Ca2+-Induced Ca2+ Release through Localized Ca2+ Uncaging in Smooth Muscle

Abstract

Ca2+-induced Ca2+ release (CICR) from the sarcoplasmic reticulum (SR) occurs in smooth muscle as spontaneous SR Ca2+ release or Ca2+ sparks and, in some spiking tissues, as Ca2+ release that is triggered by the activation of sarcolemmal Ca2+ channels. Both processes display spatial localization in that release occurs at a higher frequency at specific subcellular regions. We have used two-photon flash photolysis (TPFP) of caged Ca2+ (DMNP-EDTA) in Fluo-4–loaded urinary bladder smooth muscle cells to determine the extent to which spatially localized increases in Ca2+ activate SR release and to further understand the molecular and biophysical processes underlying CICR. TPFP resulted in localized Ca2+ release in the form of Ca2+ sparks and Ca2+ waves that were distinguishable from increases in Ca2+ associated with Ca2+ uncaging, unequivocally demonstrating that Ca2+ release occurs subsequent to a localized rise in [Ca2+]i. TPFP-triggered Ca2+ release was not constrained to a few discharge regions but could be activated at all areas of the cell, with release usually occurring at or within several microns of the site of photolysis.
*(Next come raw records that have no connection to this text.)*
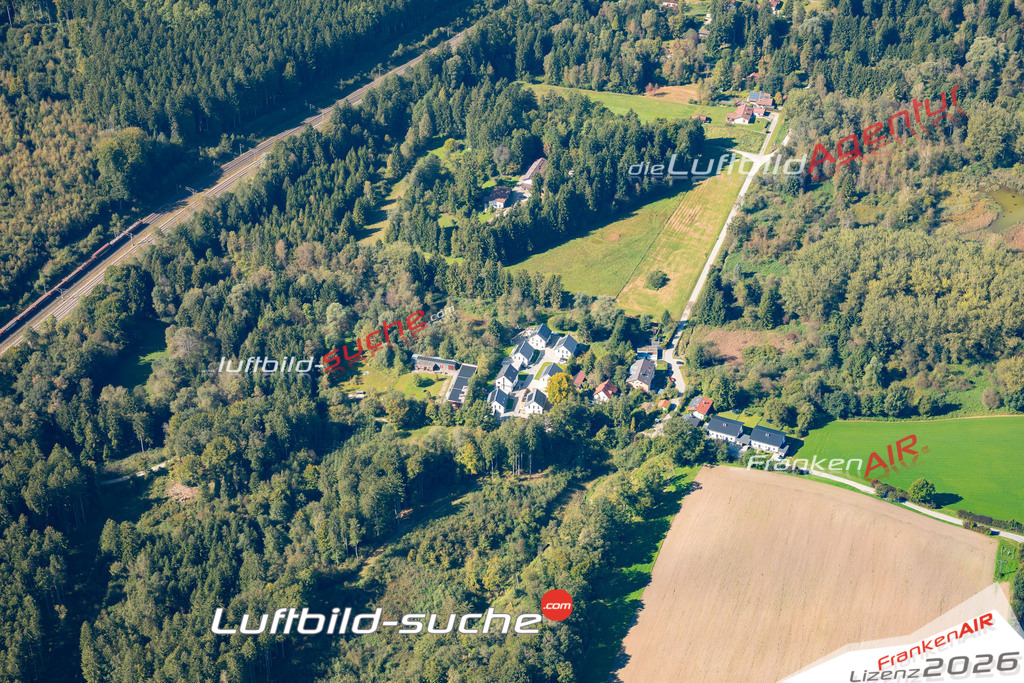 Die Luftaufnahme Moos - Kirchseeon wurde 2021 mittels Flugzeug (keine Drohne) erstellt. Hohe Auflösung -für große Poster und Wandbilder geeignet!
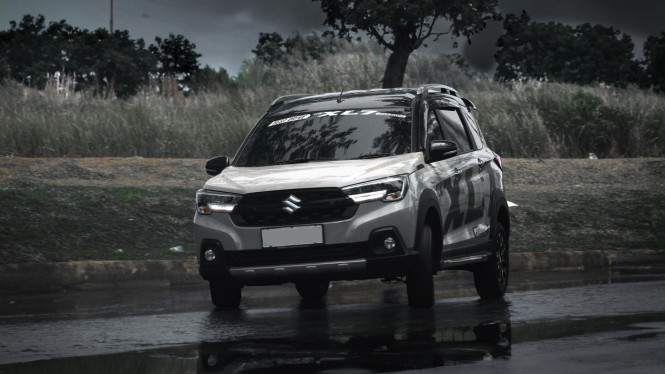 Suzuki XL7 Hybrid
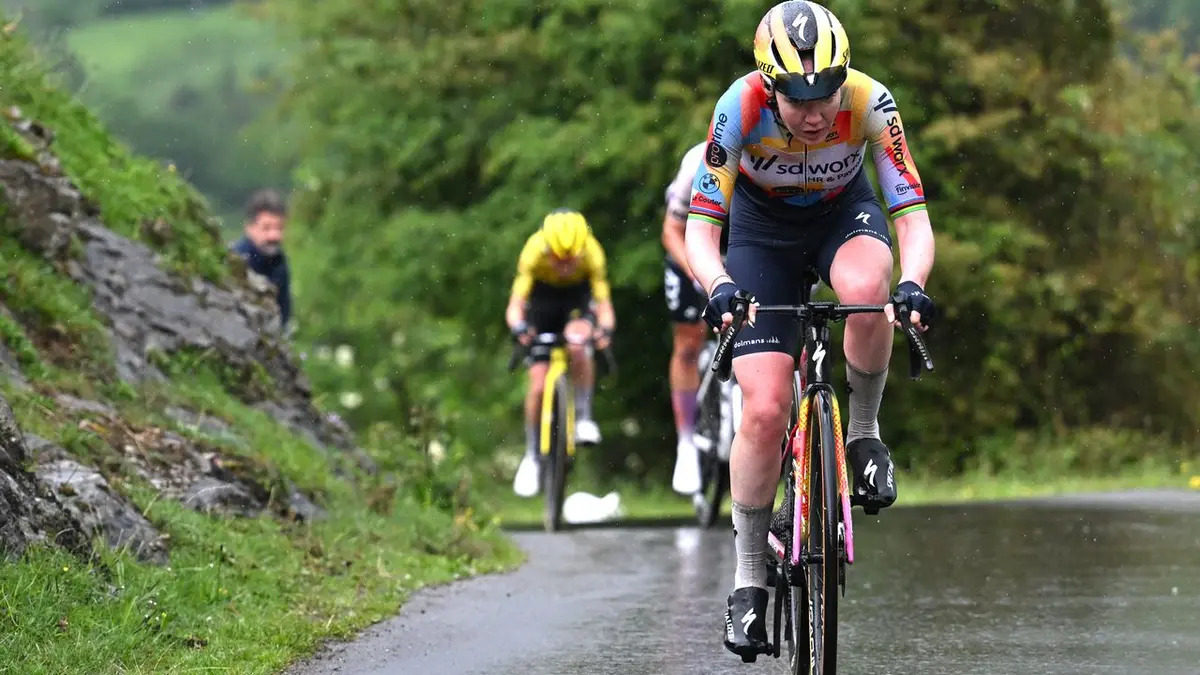Anna van der Breggen Takes Stage Six of La Vuelta Femenina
As expected, the process of CICR was dominated by ryanodine receptor (RYR) activity, as ryanodine abolished individual Ca2+ sparks and evoked release with different threshold and kinetics in FKBP12.6-null cells. However, TPFP CICR was not completely inhibited by ryanodine; Ca2+ release with distinct kinetic features occurred with a higher TPFP threshold in the presence of ryanodine. This high threshold release was blocked by xestospongin C, and the pharmacological sensitivity and kinetics were consistent with CICR release at high local [Ca2+]i through inositol trisphosphate (InsP3) receptors (InsP3Rs). We conclude that CICR activated by localized Ca2+ release bears essential similarities to those observed by the activation of ICa (i.e., major dependence on the type 2 RYR), that the release is not spatially constrained to a few specific subcellular regions, and that Ca2+ release through InsP3R can occur at high local [Ca2+]i.